How to Define Science Fiction

The question has filled pages and books,  resonating across hotel bars and conferences for decades. What, exactly, is science fiction?  It matters for many reasons, not least because the genre encompasses just about everything that's not limited to the mundane here and now, or a primly defined past.

Up till the early 18th century, when Defoe, Richardson and Fielding fed a growing apetite for "realism" in fiction, nearly all literature contained elements of the fantastic. From tribal campfire-legends to Gilgamesh and the Odyssey to Dante and Swift. All through that long period, life and death were capricious on a daily basis, but society seemed  relatively changeless from one generation to the next - the same chiefdom or kingdom or noble families, the same traditions and stiff social order. Throughout that era, storytelling overflowed with surreal, earth-shaking events and the awe-inspiring antics of demigods.

Then a shift happened. Peoples' physical lives became more predictable. You and your kids had a chance of living out your natural spans... but civilization itself started quaking and twisting with change. Your daughter would likely survive childbirth. But her assumptions and behavior might turn shocking and your son's choice of profession - bewildering. Your neighbors might even begin questioning the king, or the gods! Not in fable but in real life.

Amid this shift, public tastes in literature moved away from bold what-if images of heroes challenging heaven, toward close-in obsessions with realistic characters who seemed almost-like-you, in settings only a little more dramatic or dangerous than the place where you lived.

Having made that observation - and pondered it for years - I'm still not sure what to make of it. Is there a total sum of instability that humans can bear, and a minimum they need?

Nonetheless, into this period of transformation, science fiction was "born."  The true child of Homer and Murusaki and Swift, yet denounced as a bastard from the start, by those who proclaimed (ignoring 6000 years) that literature should always be myopic, close, "realistic" and timidly omphaloskeptic.

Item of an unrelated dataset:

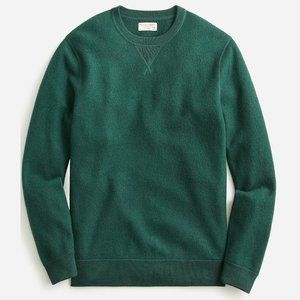 NWT Wallace & Barnes by J Crew 100% Merino Wool Sweatshirt in Dark Spruce Green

The possibility of social, technological and human change could be admitted... even explored a little... but the consensus on a thousand university campuses was consistent and two-fold.

----    ------    ----

In "literature" proper explorations of how change impacts human beings should:

1 - deal with the immediate near-term, and

2 - treat change as a loathsome thing.

This obsession isn't as unfair or cowardly as it sounds. Yes, pre-1700s fiction incorporated fantastic imagery and other-worldly powers... and yes, science fiction carries on that tradition.  But the nostalgist professors are also right, in perceiving SF as an upstart!

Because all through most civilizations, the storytelling mythos was nearly always past-obsessed. Indeed, it is here that contemporary sci fi betrays its origins.

== The First of Sci Fi's Heresies ==

Plainly stated: science fiction retains the bold, reality-breaking element of ancient myth-telling, far better than any other genre. But it also rebels against venerable tradition, by portraying change as a protean fluid, sometimes malleable or even good! Violating a core tenet of Aristotle's Poetics, sci fi contemplates the possibility of successfully defying Fate.

Elsewhere I contrast two perspectives on the Time Flow of Wisdom. By far dominant in nearly all human societies has been a Look Back attitude... that the past contained at least one shining moment when society and people in general were better than today - a pinnacle of grace from which we fell, doomed to lament. You find this theme in everything from the Bible to Tolkien to Crichton - a dour reflex toward viewing change as synonymous with deterioration--The grouchiness of grampas who proclaim that everything - even folks - had been finer in the past.

Did you notice that the two authors I just mentioned have their books in the sci fi section of the store? All the tales on these shelves share that ancient, homeric willingness to be vivid and depart from the here and now. But there any resemblance to science fiction stops, because Tolkien, Crichton and their ilk cling to the Look Back view.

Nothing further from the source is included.